Photography Mathieu César
Editor Michaela Dosamantes
Interview Sky Ferreira

Above: Guy-Manuel de Homem-Christo and Thomas Bangalter wear Hedi Slimane for Saint Laurent custom tuxedos

SKY FERREIRA: What’s the meaning of your album’s title, Random Access Memories?
DAFT PUNK: The title plays with concepts of computer memory and human memories, establishing a loose parallel between the human brain and the hard drive—both are somehow randomly fragmented devices. We have always been fascinated by the relationship and connections between man and machine.

What is the essence of the album?
This album is about technology going towards humanity, in a world where humanity is going towards technology. We tried to capture robotic emotions with music, replacing this time our electronic machines by real human beings.

What was the most difficult aspect of realizing the album?
Making this album was difficult and challenging in an exciting way, but that is the nature of these empirical musical experimentations. We tried to do some things we had never done in a studio. We wanted to learn techniques we did not know. We did not want to take the easy route. But somehow, the difficult parts of the entire creative process are what made the journey really worth it.

It’s been almost 10 years since your last album. How do you think music has changed?
Everything now changes at a frantic speed. Our previous album seems to have been released a lifetime ago. We just created a timeless bubble around us for the last five years in order to create the music we wanted to listen to.

You’re fascinated with the past. If you could travel to any moment in time, when and where would it be?
It’s a tough question to answer. Maybe witnessing the completion of the Great Pyramids, then traveling to see the remaining Six Wonders of the World, which are now long gone.

You have said in many interviews that dance music as a whole is suffering right now. Why?
Dance music is almost exclusively made today with laptop computers, on the same software, with the same virtual instruments, and a lot of the same drum sounds. Computers, as music instruments, are making it difficult for musicians to have their distinctive sonic personality, and a lot of dance records are starting to sound the same, in a very formatted way.

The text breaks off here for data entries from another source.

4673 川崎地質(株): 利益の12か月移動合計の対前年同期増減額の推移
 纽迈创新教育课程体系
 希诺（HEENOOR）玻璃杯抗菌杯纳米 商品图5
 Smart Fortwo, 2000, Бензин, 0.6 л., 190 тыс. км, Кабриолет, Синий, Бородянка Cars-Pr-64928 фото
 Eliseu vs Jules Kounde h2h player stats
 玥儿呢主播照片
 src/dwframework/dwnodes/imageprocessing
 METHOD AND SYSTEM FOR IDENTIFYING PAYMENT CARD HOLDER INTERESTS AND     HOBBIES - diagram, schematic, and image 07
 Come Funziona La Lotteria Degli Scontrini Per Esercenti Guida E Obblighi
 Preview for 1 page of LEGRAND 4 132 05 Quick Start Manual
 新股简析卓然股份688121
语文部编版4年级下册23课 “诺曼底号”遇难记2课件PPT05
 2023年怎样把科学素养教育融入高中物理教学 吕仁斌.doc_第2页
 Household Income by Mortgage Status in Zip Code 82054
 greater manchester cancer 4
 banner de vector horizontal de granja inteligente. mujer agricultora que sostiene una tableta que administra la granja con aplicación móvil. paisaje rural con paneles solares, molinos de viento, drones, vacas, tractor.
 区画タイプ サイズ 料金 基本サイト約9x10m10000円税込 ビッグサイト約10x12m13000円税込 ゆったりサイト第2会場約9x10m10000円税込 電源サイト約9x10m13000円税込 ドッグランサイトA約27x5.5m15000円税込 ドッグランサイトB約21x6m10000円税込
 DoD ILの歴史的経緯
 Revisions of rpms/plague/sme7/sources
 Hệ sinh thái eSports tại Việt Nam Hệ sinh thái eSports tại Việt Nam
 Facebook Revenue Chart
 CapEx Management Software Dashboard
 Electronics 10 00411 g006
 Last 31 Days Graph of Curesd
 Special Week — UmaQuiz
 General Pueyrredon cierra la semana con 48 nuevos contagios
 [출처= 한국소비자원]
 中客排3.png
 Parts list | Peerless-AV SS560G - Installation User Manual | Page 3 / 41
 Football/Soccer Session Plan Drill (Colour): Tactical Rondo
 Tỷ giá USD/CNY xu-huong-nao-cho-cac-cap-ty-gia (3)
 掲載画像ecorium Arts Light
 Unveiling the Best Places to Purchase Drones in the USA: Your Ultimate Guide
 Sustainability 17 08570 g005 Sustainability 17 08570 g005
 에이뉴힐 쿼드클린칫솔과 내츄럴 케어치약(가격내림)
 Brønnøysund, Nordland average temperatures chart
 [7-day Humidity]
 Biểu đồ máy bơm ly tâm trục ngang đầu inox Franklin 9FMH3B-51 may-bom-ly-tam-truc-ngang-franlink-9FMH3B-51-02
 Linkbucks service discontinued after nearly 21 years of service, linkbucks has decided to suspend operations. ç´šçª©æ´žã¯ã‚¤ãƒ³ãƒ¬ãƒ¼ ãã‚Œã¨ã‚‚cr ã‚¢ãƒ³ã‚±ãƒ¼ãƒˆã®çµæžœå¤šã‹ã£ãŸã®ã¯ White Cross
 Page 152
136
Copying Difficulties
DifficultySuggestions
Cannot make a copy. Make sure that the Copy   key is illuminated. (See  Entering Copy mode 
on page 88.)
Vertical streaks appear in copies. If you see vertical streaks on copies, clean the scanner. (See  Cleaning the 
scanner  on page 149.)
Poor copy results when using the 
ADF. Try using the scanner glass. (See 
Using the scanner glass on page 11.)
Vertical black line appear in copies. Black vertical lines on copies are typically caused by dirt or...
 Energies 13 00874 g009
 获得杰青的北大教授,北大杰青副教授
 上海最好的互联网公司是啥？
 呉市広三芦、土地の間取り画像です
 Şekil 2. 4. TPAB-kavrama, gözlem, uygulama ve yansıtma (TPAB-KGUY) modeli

What was your creative brief to [Saint Laurent designer] Hedi Slimane for this album?
Hedi is a longtime friend of ours. We share a lot of the same tastes in art and music. There was no specific brief for this album; we just played him the music. We generally prefer the music to do the talking.

This album has been in the works for a long time. What is one of your best memories from putting it together?
Being in the studio with Nile Rodgers, one of our childhood heroes, was definitely one of the highlights. He just brought his guitar to Electric Lady Studios in New York and started to play. It is the exact same guitar he’s been playing on all these records and songs we love, like “Le Freak,” “Good Times,” “I’m Coming Out,” “He’s The Greatest Dancer,” “Upside Down,” “Let’s Dance,” and “Like a Virgin.” It was an amazing moment.

All of your albums before this one were more or less homemade. Why did you decide to begin recording in a studio?
After having made three albums, we were looking for a fourth album we had not yet done. We’ve been making music as Daft Punk for 20 years, and we are always trying to feel like beginners. Going in a studio for the first time felt exciting because it was something new. WithRandom Access Memories, we ultimately decided we wanted to do a record we could not have done at home.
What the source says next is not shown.